不得不說,太師府的辦事效率還真是快的驚人,蔡京這頓飯都還沒有吃完,那邊就已經來消息了。

蔡京沒有猜錯,那刺客正是方腊餘孽,而且以前方腊手下的一名親兵。

那內奸也已經找了出來,原來是那刺客綁架了太師府一名家丁的家人,以此來威脅他,這一招倒是玩的挺漂亮的,而且這刺客孤身一人就敢來行刺蔡京,勇氣可嘉呀。

只是這智商,實在是沒有下限。

蔡京雖然如今已經致仕在家,但是他豈非一般的人,你就一個人跑來行刺,這擺明就是和自己過不去,估計他也是看到方腊掛了,所以不想苟活於世上,不然李奇還真想不出,他這番行刺到底是為了那般。

不過話說回來,這個刺客倒是幫蔡京和李奇一個大忙,說實在的,他們二人心裡都對這刺客抱有感激之情。

這一頓飯下來,蔡京幾乎就一直把這辦私塾的事情掛在嘴邊。

李奇也把自己的一個初步想法跟他說了一遍。

在經過王安石變法後,其實北宋的教育事業已經十分完備了,但是它的弱點還是非常明顯,就是階級性太重了,北宋文化氣息算歷朝以來最鼎盛的,但是全國大部分人還是不認字,為何?還不就是因為當今的學校都是供富家子弟念書,而且是以宗教形式去施教的,入學第一堂課,就把先你的思想給禁錮了。已導致後來,敵人的拳頭都打到臉上來了,他還在念著上天有好生之德,簡直就是迂腐之極,自尋死路。

李奇始終覺得利益還是王道,不管是個人利益,還是國家的利益。這才會驅使整個國家的進步,這樣一來,大家想的就是我該不該去打他。而不是他會不會打我。

道德這玩意是相互的,以德報怨後面那句何以報德才是至理名言。

顯然,李奇辦學校可不會去教甚麼四書五經。學這玩意的人太多了,他也教不來,他是一個實戰派,而且他又是一個理科生,他打算建一所純現代化的學校,以科學為主,北宋的科技算是當代最發達了,這方面的天才也有許多,所以也不怕找不到老師,而且對他而言。那些沒有受到過北宋正統教育的寒門子弟,才最符合他這種教育方式。

當然,這辦學校也不是說辦就能辦,還得經過一系列的準備,不過有蔡京相助。很多事情都變得簡單化了。

其實說實在的,李奇心裡還是挺喜歡和這些奸臣打交道,商人都是這麼一個味道,畢竟大家的都是以自身利益出發,也就有很多共同的話題,雖然他超級崇拜岳飛。但是他可不願和岳飛共事,原則性太T強了,整一根不屈不饒的鋼筋,一般人還真受不了,這也是為甚麼岳飛一生精忠報國,卻落得如此下場。
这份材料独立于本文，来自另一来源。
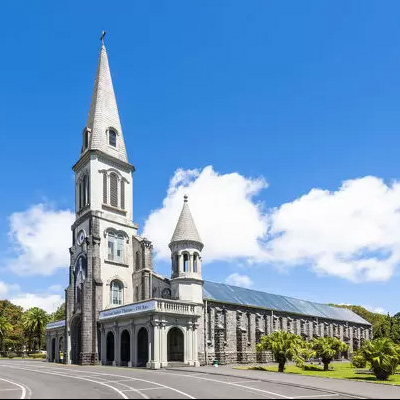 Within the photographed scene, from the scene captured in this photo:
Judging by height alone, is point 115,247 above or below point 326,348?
above

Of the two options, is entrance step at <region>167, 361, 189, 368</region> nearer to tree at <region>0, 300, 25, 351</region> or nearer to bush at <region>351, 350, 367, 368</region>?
bush at <region>351, 350, 367, 368</region>

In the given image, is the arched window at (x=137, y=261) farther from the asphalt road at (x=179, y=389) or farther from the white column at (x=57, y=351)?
the asphalt road at (x=179, y=389)

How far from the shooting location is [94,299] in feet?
177

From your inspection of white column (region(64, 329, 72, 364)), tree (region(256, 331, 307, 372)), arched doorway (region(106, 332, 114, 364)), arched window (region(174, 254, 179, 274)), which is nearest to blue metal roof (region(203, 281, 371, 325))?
arched window (region(174, 254, 179, 274))

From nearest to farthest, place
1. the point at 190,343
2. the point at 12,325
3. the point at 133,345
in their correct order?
the point at 133,345, the point at 190,343, the point at 12,325

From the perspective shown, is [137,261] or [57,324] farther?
[57,324]

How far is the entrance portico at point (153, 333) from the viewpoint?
4541 cm

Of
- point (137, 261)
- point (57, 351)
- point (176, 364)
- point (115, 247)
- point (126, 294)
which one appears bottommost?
point (57, 351)

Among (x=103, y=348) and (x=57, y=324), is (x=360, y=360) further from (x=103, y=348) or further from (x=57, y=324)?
(x=57, y=324)

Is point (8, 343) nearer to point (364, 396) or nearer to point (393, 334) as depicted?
point (393, 334)

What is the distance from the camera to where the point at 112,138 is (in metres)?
64.1

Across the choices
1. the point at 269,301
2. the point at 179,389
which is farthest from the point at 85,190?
the point at 179,389

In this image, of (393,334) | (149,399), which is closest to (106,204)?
(149,399)

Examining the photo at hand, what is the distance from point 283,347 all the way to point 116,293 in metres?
23.1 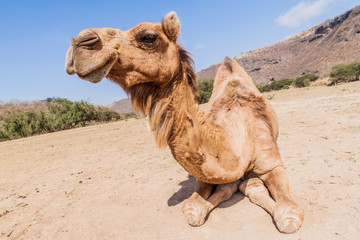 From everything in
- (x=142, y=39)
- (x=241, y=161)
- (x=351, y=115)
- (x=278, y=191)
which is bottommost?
(x=351, y=115)

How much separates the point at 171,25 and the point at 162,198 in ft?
8.28

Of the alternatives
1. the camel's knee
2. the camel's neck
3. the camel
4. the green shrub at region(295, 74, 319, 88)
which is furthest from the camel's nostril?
the green shrub at region(295, 74, 319, 88)

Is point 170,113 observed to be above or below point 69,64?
below

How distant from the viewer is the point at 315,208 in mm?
2416

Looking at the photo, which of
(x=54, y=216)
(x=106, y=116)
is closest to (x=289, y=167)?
(x=54, y=216)

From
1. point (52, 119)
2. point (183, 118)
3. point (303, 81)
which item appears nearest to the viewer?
point (183, 118)

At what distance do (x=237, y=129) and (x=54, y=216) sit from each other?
9.67 ft

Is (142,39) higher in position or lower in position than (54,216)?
higher

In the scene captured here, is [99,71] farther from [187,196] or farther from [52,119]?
[52,119]

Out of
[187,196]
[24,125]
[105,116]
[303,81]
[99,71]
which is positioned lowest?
[303,81]

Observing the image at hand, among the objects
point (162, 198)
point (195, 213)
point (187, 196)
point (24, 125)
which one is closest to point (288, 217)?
point (195, 213)

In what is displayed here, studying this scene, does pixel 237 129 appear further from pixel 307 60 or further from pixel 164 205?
pixel 307 60

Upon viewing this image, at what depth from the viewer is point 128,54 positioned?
146 cm

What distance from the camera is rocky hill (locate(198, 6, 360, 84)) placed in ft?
157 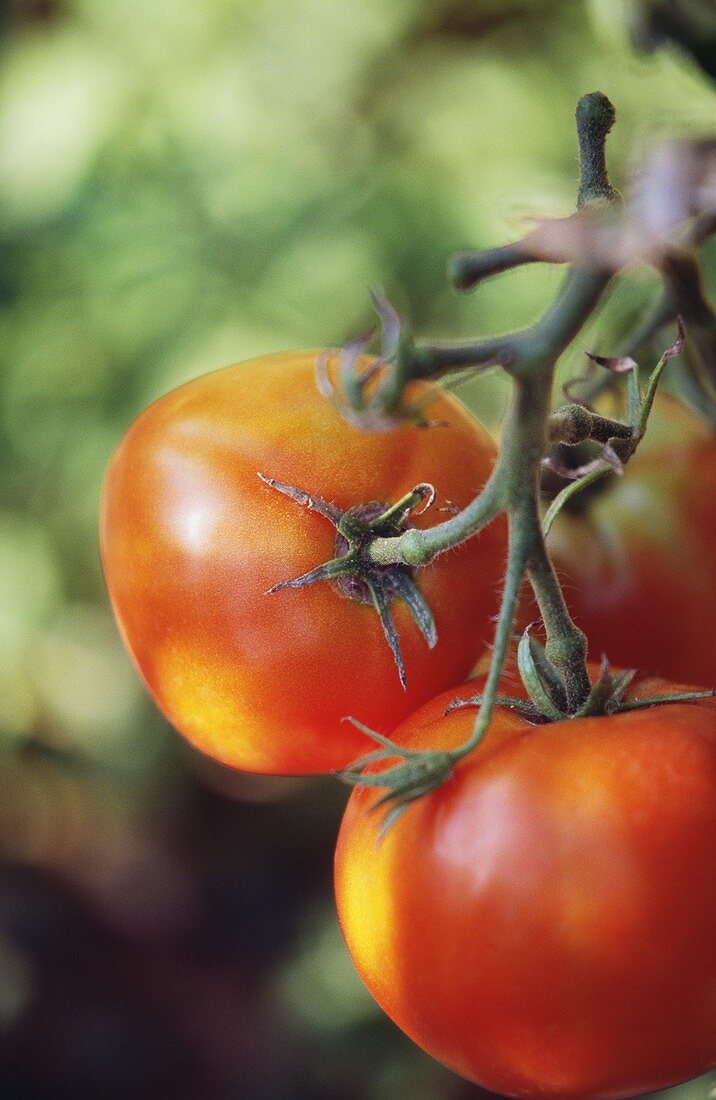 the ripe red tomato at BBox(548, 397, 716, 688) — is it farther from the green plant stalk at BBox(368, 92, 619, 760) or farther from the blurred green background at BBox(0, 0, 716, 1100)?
the blurred green background at BBox(0, 0, 716, 1100)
當然,岳飛若是碰到明君,類似李世民之類的,那情況又大不一樣了,說來說去,他還是生不逢時呀。

翌日。

白天的風平浪靜,預計著晚上將會有一件大事發生,那就是咆哮吧終於要在萬總期盼下開業了。

其中最興奮的當屬高衙內和洪天九,這倆貨一整日都待在醉仙居催李奇去酒吧,差點沒把李奇給煩死,酒吧開業自然得在晚上。

傍晚時分,咆哮門門前是張燈結彩,鑼鼓喧天,鞭炮齊鳴,人山人海。

這一次咆哮吧開張可比上次醉仙居開張隆重多了,也熱鬧多了,關鍵是如今醉仙居的地位已經是不可同日而語了,再有四小公子的加盟,這組合實在是太具有視覺衝擊了。

這四小公子也確實有默契,統一鬢插紅花,身著紅袍,貴氣十足。

而李奇依然還是穿著季紅奴為他做的紫衫。

以往,高衙內都是以賓客的身份去參加各大酒樓的開業,如今終於翻身做主人了,心情自然不一樣了,滿臉春風得意。

由於離剪彩儀式還有段時間,雖然客人來了不少了,但是大家也只好在外面耐心的等待,四小公子圍在一起吹牛打屁,好不快活。

這一次李奇倒不用跟上次一樣,在廚房忙死忙活了,站在外面跟秦夫人做思想工作,由於四小公子的加入,秦夫人這次說甚麼也不願意參加這剪彩儀式了。

“夫人,你可是咱們醉仙居的象徵,待會還是你去吧。”李奇苦笑道。

秦夫人搖頭道:“你少給我灌湯,你去就行了,況且我瞧你和四小公子也是一丘---呃,我的意思是,你和他們挺像的,也談得來。”

靠!甚麼眼神。

李奇大怒,據理以爭道:“夫人,你不想去就說不想去,乾嘛要污蔑我,我比他們可帥多了。”

看來這人老毛病又犯了。秦夫人翻了個白眼,無奈道:“好了,我去找吳叔談點事情。”說著就轉身離開了。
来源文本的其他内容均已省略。